For the Church (and society in general) to be healthy, there must be a recognition of all the members of that body. Symptoms of sickness in our physical bodies, the body of the Church and in society are division and a lack of appreciation of members of the body. In today’s second reading from Corinthians Paul states, “Now you are Christ’s body, and individually parts of it. Some people God has designated in the church to be, first, apostles; second, prophets; third, teachers; then, mighty deeds; then gifts of healing, assistance, administration, and varieties of tongues. Are all apostles? Are all prophets? Are all teachers? Do all work mighty deeds? Do all have gifts of healing? Do all speak in tongues? Do all interpret?”

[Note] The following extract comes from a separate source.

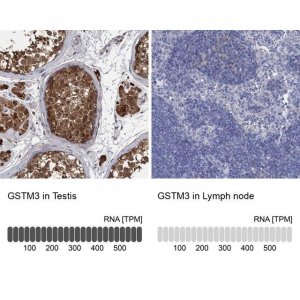 Anti-GSTM3 antibody produced in rabbit 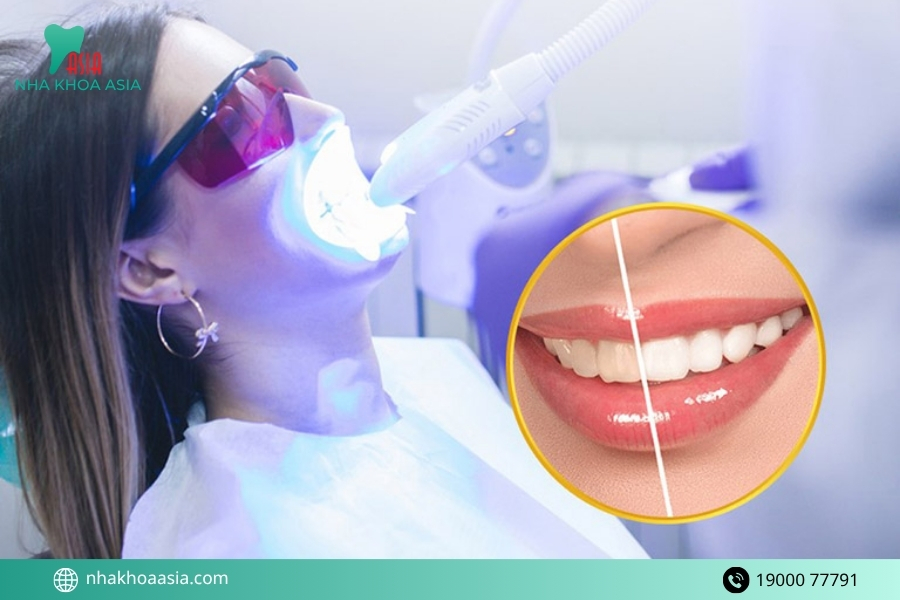 Tẩy trắng răng bằng đèn Laser whitening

Obviously, the answer to the questions that he asks is no. Although it is no, each is needed for a healthy Church body.
Think about our secular society, what if all were electrical engineers or all were bureaucrats or all surgeons or all lawyers. Society would be unbalanced because not everyone is cut out or qualified for just one type of job or a vocation equally. For both Church purposes and secular purposes, each of us has a specific talent or gift. Secular-wise that’s why we have lawyers, plumbers, technicians, scientists, doctors, and factory workers. All work in tandem with each other to have a smoothly running society. The same for the Church. Not all are called to Holy Orders. Imagine a Church comprised only of clergy with no laymen or volunteers to work hard daily to promote the mission of Christ on earth.
In the Gospel reading we find Jesus in the synagogue on the Lord’s day. Elders would take turns reading Scripture. Jesus got up and read from the Prophet Isaiah, “The Spirit of the Lord is upon me, because he has anointed me to bring glad tidings to the poor. He has sent me to proclaim liberty to captives and recovery of sight to the blind, to let the oppressed go free, and to proclaim a year acceptable to the Lord.” When he finished he said, in effect, that passage related directly to him.
I wonder what Christ thinks today. I wonder if he would agree that certain people are illegal (which seems kind of incongruous since in Genesis we read that God made man and woman in his image and likeness) and therefore not worthy of respect and Christian treatment. Treating people as Christ would seems to be at odds with our present course of turning our backs on those fleeing violence, persecution and death, locking children up as if they were stray animals, locked away ostensibly to protect the “right” kind of people. In turning our backs, we are doing is ultimately denying the so-called “illegals” their God ordained status of being the pinnacle of creation, worthy of human dignity including all men, women, and children.
In the Gospel today, Jesus came to bring glad tidings to the poor to let the oppressed go free and to proclaim a year acceptable to the Lord. If Christ came back today, I wonder how many people would be comfortable debating the refugee and immigrant “problem” (I prefer situation) with him. We have short memories. There are many out there (including this deacon) whose relatives were once immigrants and refugees. Personally speaking, my grandparents were immigrants from Ireland. Other relatives—aunts and uncles—came into the United States illegally fleeing persecution by the English Crown who had placed prices on their heads. Their only crime being free Irish and wanting the freedom to practice their Catholic faith. They raised families and every time I interacted with them never thought of them being “illegal human beings.”